Demystifying Shamir’s Secret Sharing

Demystifying Shamir’s Secret Sharing

code cybersecurity security
Ray Heffer

Shamir’s Secret Sharing

For those of you interested in cybersecurity, or perhaps if you work in the field, you’ll face the massive topic of cryptography sooner or later. I wouldn’t call myself a cryptography expert by any means. The subject is vast, fascinating, and can be quite intimidating, especially with all the math involved! I prefer to learn complex topics by breaking them down into smaller parts, which, by the way, is the essence of Shamir’s Secret Sharing. Segmenting a topic into more manageable chunks makes it easier to grasp the concepts.

During my endeavor to expand my cryptography knowledge, I decided to write this post on Shamir’s Secret Sharing. Don’t worry, you don’t need a master’s degree in cryptography to grasp the essence of this brilliant algorithm. I’ll do my best to ensure you walk away from this blog post with a good understanding of its inner workings as well as its real-world applications!

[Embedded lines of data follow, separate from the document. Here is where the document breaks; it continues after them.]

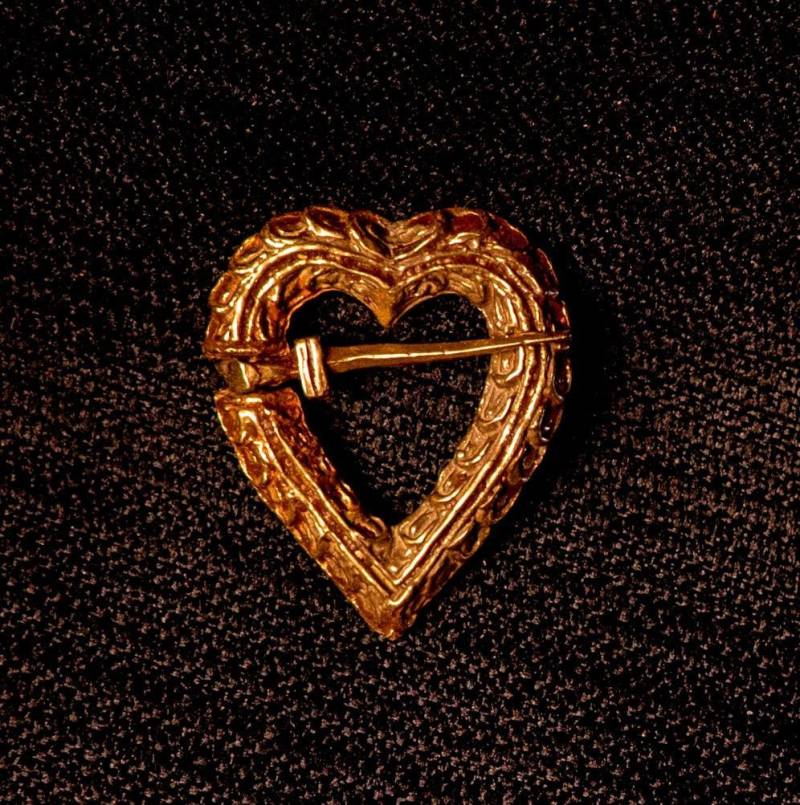 Herz Ringförmige Brosche - Z-28 Herz Ringförmige Brosche - Z-28 von RaymondsQuietPress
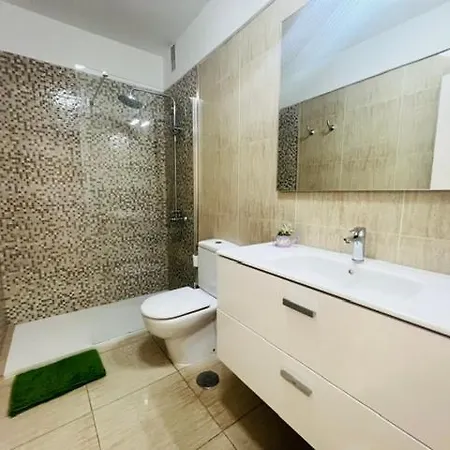 Sunny Los Cristianos Apartment Walk To Beach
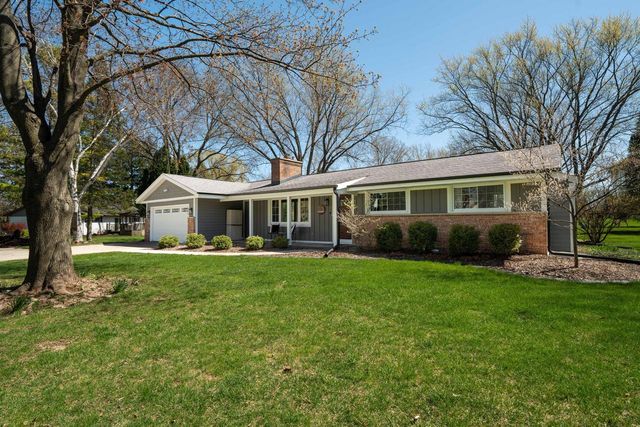 7119 Freistadt ROAD, Mequon, WI 53092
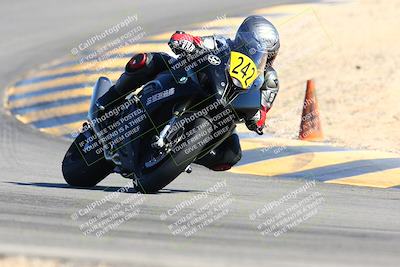 media/Feb-13-2022-SoCal Trackdays (Sun) [[c9210d39ca]]/Turn 12 (1pm)/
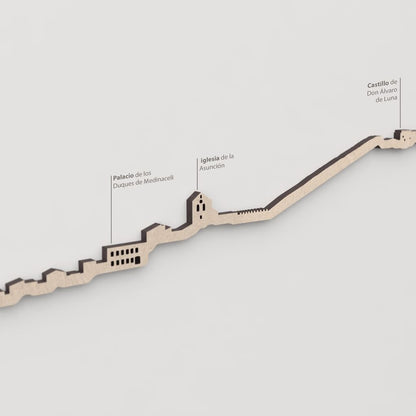 Primer plano del Palacio de los Duques de Medinaceli en la silueta de Cihuela en madera natural.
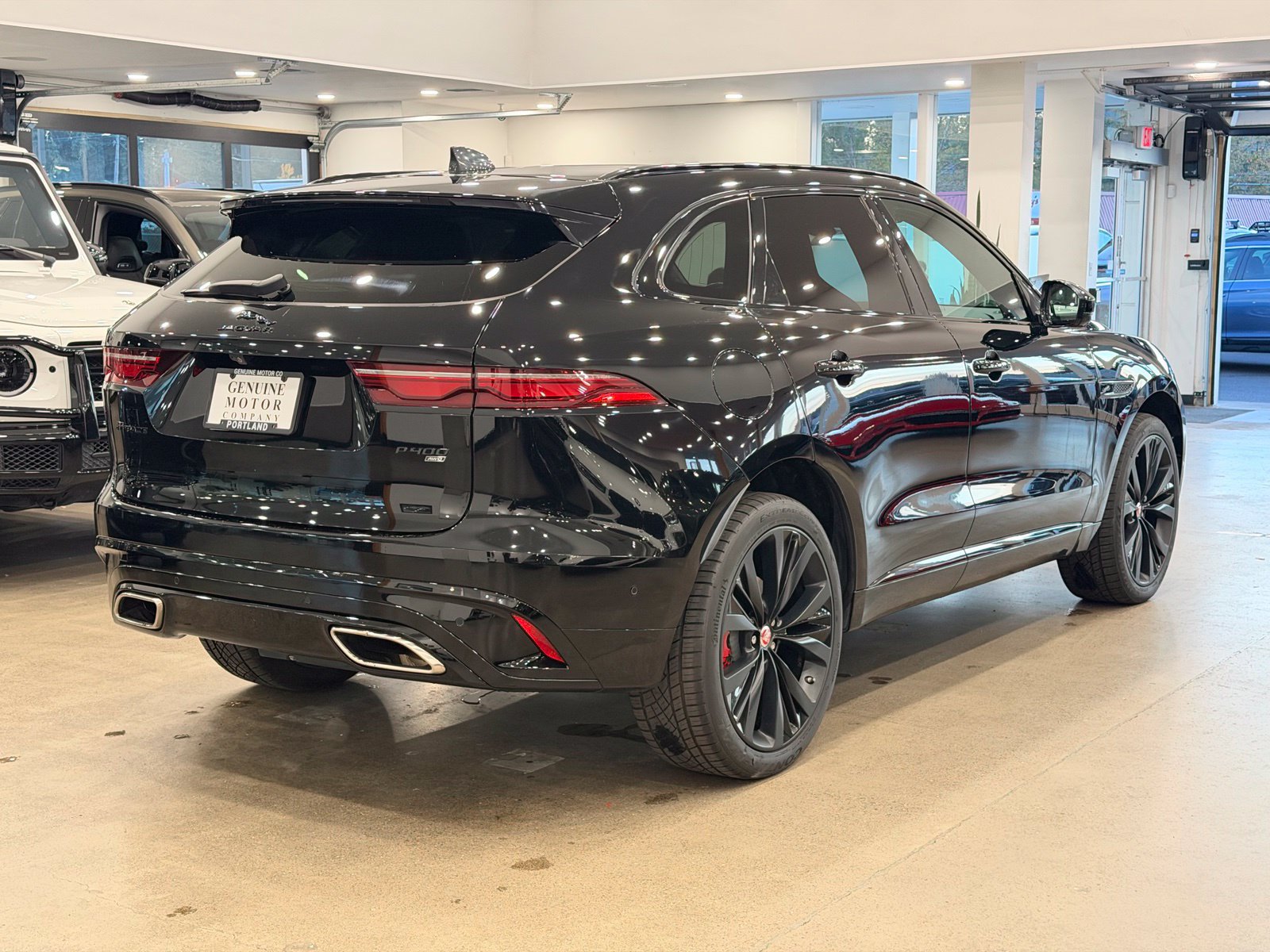 Used 2021 Jaguar F-PACE R-Dynamic S AWD/4WD image 4
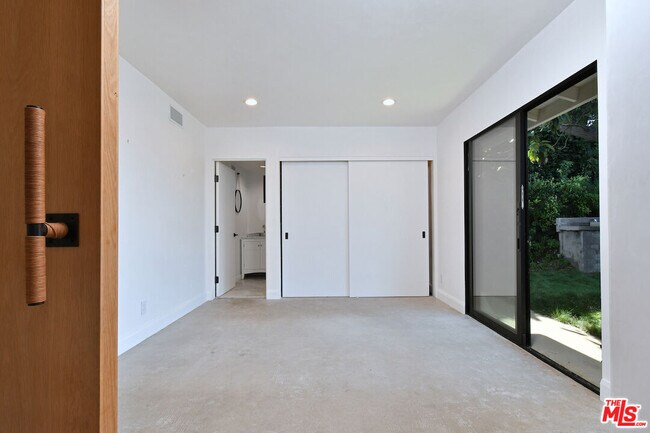 Building Photo - 2145 Linda Flora Dr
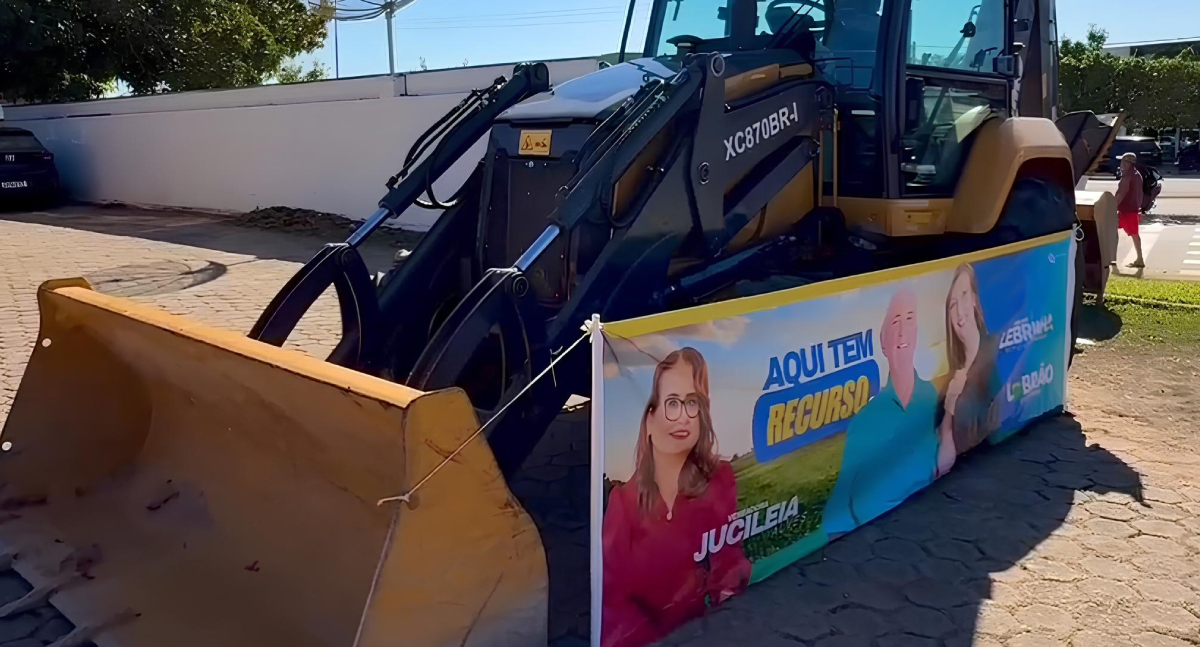 Deputada Gislaine Lebrinha entrega retroescavadeira para reforçar infraestrutura de Ministro Andreazza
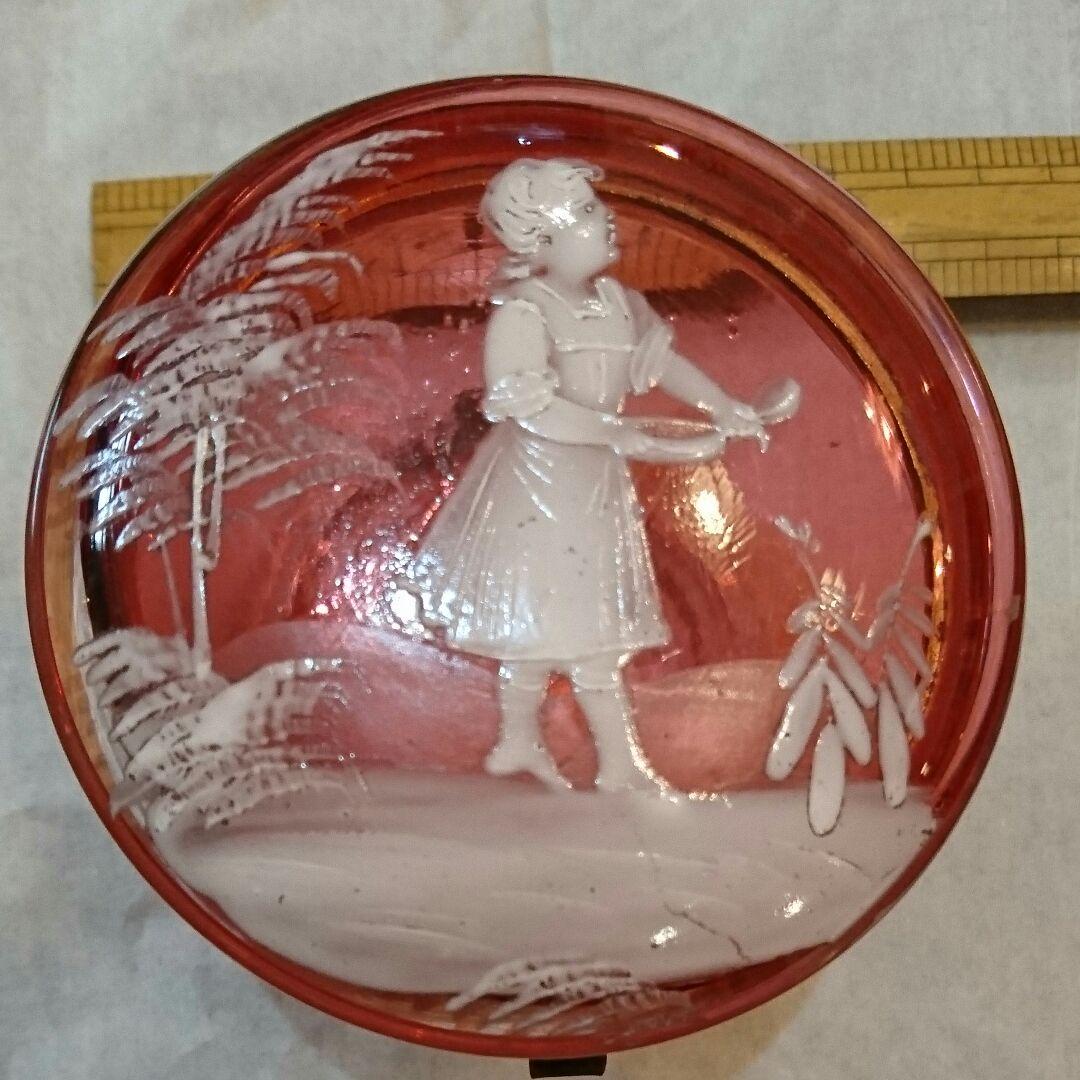 特別価格中！アンティーク、骨董市で購入の美しいゴ−ルドピンクの蓋物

I’ve also included some Python script here which you can use along with the example in the blog, to reconstruct the secret.

Shared Secrets

Imagine you and your friends have found a treasure chest, but the key to open it is too precious to allow any one person look after it. You all agree that no single person should possess the key because it’s too risky. But what if you could split the key into pieces so that you’d need, say, three out of four pieces to unlock the chest? Now you have a system that feels less risky, more secure, and democratic. This simple example captures the essence of Shamir’s Secret Sharing (SSS), a method for securely managing sensitive information like passwords or encryption keys.

Shamir’s Secret Sharing is an algorithm developed by Adi Shamir (the ‘S’ in RSA cryptography, pictured here) in 1979. At its core, it’s a cryptographic method designed to divide a secret into multiple shares. To reconstruct the original secret, you’ll need a predefined number of these shares. In simpler terms, it breaks down a large secret into smaller ‘chunks’, and you need a specific number of those chunks to make the original secret whole again.

Real World Applications (HashiCorp Vault)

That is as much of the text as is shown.